For almost 80 years, Mercer County Public Schools have offered a Bible class to elementary school students and now, the Freedom From Religion Foundation is fighting to remove them.

The Bible classes take place during the school week and regular school hours and are said to be “extremely popular,” but now, as part of a fight for the separation of church and state, a group wants the classes by “Bible in the Schools” gone.

According to a report from CBS News, even though the classes are popular, it doesn’t mean the offering is legal.

The classes aren’t paid for with school district money; they’re funded through private donations, but the school district administers manages them. Among the 19 elementary schools where the classes are offered, the attendance is 96 percent and students whose parents don’t want them to be part of it are allowed to go do other things.

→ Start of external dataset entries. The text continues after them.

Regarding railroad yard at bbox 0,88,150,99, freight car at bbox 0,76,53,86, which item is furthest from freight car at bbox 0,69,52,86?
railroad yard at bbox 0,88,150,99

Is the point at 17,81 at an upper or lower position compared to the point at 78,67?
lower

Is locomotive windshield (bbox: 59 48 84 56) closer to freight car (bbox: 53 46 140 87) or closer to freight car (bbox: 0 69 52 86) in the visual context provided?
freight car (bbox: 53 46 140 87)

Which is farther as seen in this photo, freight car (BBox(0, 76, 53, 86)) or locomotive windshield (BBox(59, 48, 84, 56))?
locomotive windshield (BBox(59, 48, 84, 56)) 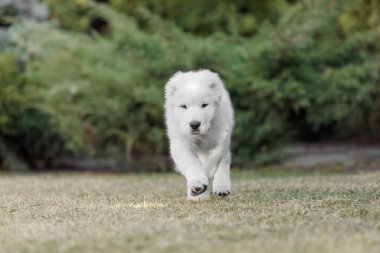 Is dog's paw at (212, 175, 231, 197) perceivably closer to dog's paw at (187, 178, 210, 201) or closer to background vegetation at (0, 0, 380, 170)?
dog's paw at (187, 178, 210, 201)

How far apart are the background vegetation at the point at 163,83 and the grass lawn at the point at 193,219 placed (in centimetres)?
342

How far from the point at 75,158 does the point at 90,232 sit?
9875 mm

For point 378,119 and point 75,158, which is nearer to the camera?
point 378,119

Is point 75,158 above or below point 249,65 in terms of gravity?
below

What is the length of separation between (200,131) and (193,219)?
1258 millimetres

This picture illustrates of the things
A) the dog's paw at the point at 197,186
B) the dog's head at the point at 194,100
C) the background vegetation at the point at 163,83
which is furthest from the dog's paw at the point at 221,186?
the background vegetation at the point at 163,83

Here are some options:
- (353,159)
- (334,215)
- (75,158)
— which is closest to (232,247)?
(334,215)

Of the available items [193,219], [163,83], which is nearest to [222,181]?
[193,219]

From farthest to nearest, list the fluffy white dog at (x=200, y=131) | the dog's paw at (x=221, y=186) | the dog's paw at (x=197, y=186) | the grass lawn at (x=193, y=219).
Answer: the dog's paw at (x=221, y=186) < the fluffy white dog at (x=200, y=131) < the dog's paw at (x=197, y=186) < the grass lawn at (x=193, y=219)

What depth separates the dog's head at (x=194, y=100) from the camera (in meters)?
6.49

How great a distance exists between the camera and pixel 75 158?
14.6m

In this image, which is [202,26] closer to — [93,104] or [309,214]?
[93,104]

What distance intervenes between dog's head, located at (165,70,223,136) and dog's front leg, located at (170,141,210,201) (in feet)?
0.63

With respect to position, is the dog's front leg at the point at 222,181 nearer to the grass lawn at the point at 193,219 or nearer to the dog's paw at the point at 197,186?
the grass lawn at the point at 193,219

Part of the foundation’s lawsuits argument is that the students who don’t take part in the class are “bullied” for opting out. One parent told CBS News that she moved her child from the Mercer County school system because of the intensity of the bullying: “They taunted her about it. They told her that she was going to hell, that I was going to hell, that her father was going to hell.”

The decision of the courts will come down to whether or not the teaching of the Bible is based on its “literary and historic qualities,” versus what the foundation referred to as “Bible indoctrination.”

The decision would be made in the next few weeks, but will largely depend on if the school board can prove the students are being taught the Bible neutrally.